For the recipe and tips on how to make a gluten-free focaccia, head to my Gluten-free focaccia recipe page.
I only ever use Caputo GF flour because it creates the perfect consistency when baked, you won't be able to tell it's gluten free. It's also not as starchy as other GF rice varieties (such as rice flour blends). You can read more about that on that blog post.
This focaccia is rich in all the sweet and savoury flavours you get on top of a typical veggie pizza - tomato sauce, herbs, zucchini, etc. It's delicious and doesn't add too much time to the cooking process either. All you need to do is ferment the dough and allow to rise, place the dough into a pan, dimple, add veggies on top and bake.
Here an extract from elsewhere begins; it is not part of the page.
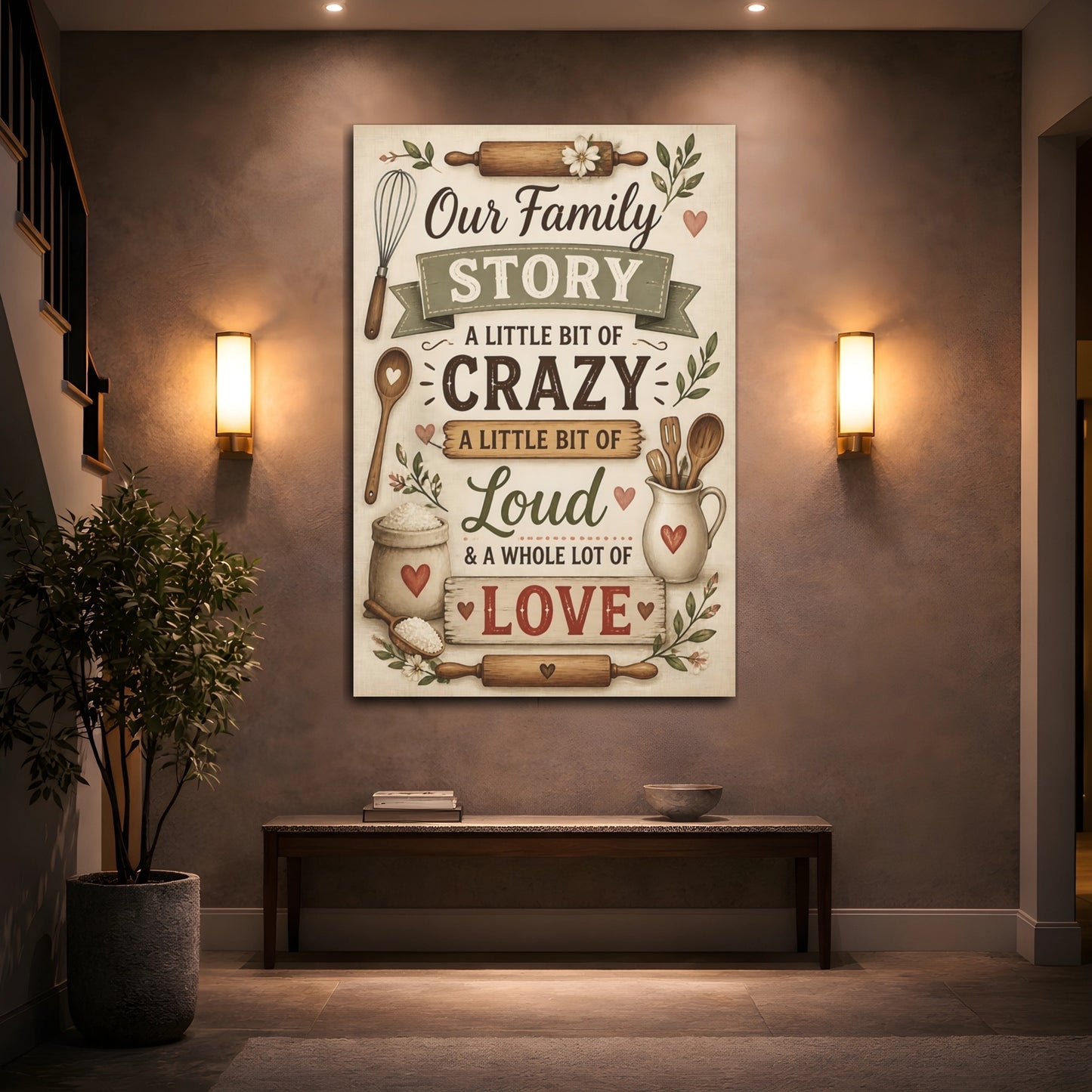 Mockup 2. Family Quote Sign shown as canvas print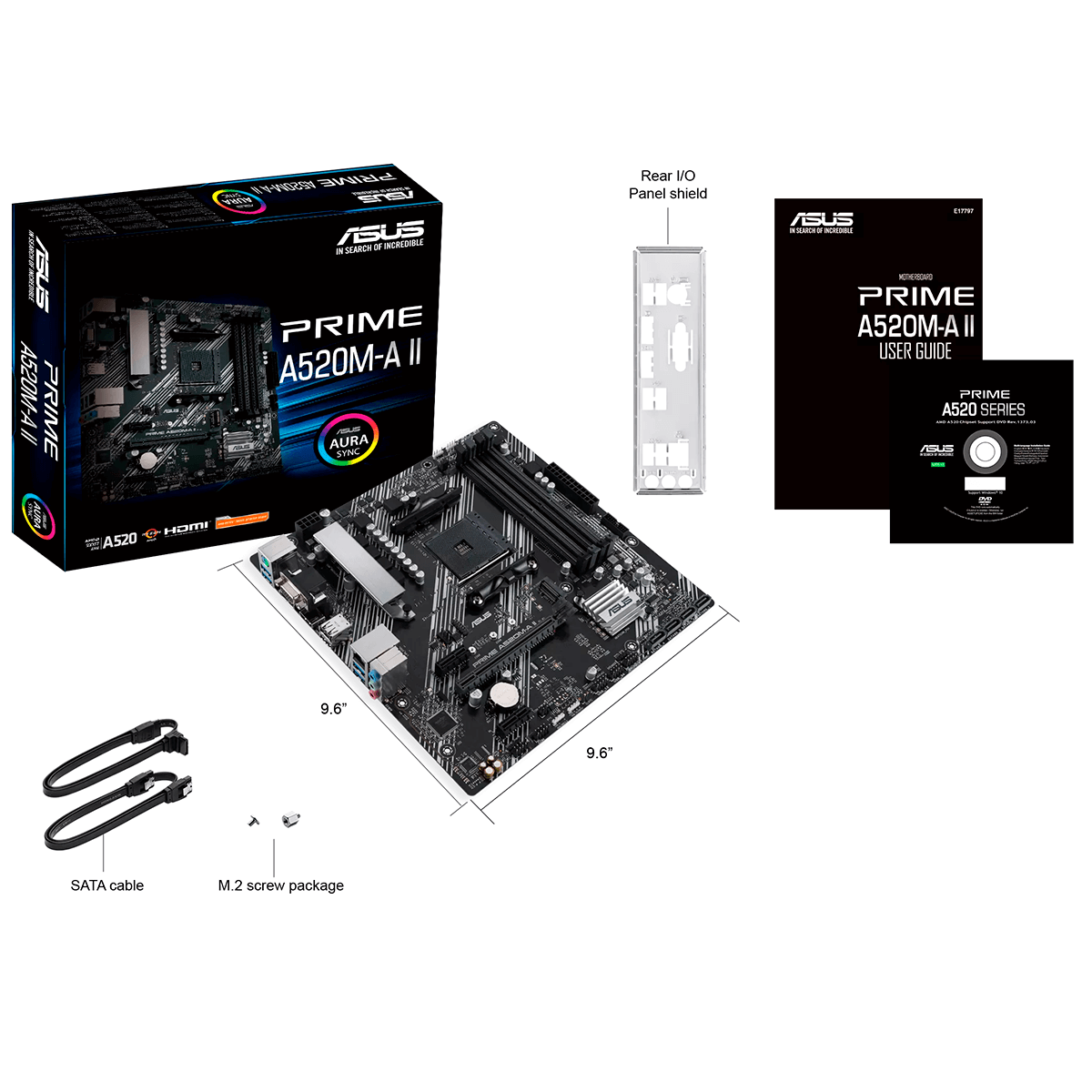 Placa Mãe Asus PRIME A520M-A II, Chipset A520, AMD AM4, mATX, DDR4, 90MB17H0-M0EAY0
Perfect as a starter dish for big spreads or for gatherings with friends and family.
Don't hesitate with your veggies and olive oil here, the more the better.
Gluten-free focaccia with a plant-based pizza topping
Time: 35 Minutes (after you have prepared the dough) Yield: 4-8 slices
Nutrition Facts (coming soon)
2 tbsp passata or tomato sauce
1 zucchini, sliced (long or round)
1 cup roughly chopped spinach
1 roughly chopped tomato
1 sprig rosemary (remove leaves from sprig and wash)
1 tsp salt
3 tbsp extra virgin olive oil
Method 1. Follow my gluten-free focaccia recipe to prep the dough.
2. Place the dough in a small baking tray that's brushed in a little olive oil. Note: the smaller the baking tray, the more the focaccia will rise. The larger and wider the tray, the less it will rise. Dimple the focaccia and generously lather in olive oil.
3. Spread passata or tomato sauce on top and then add your veggies. Press the veggies down so the bread rises up between the pieces.
4. Bake at 180-200 degrees for 30-35 minutes until golden brown. Let it sit for 10 minutes after baking before cutting...enjoy!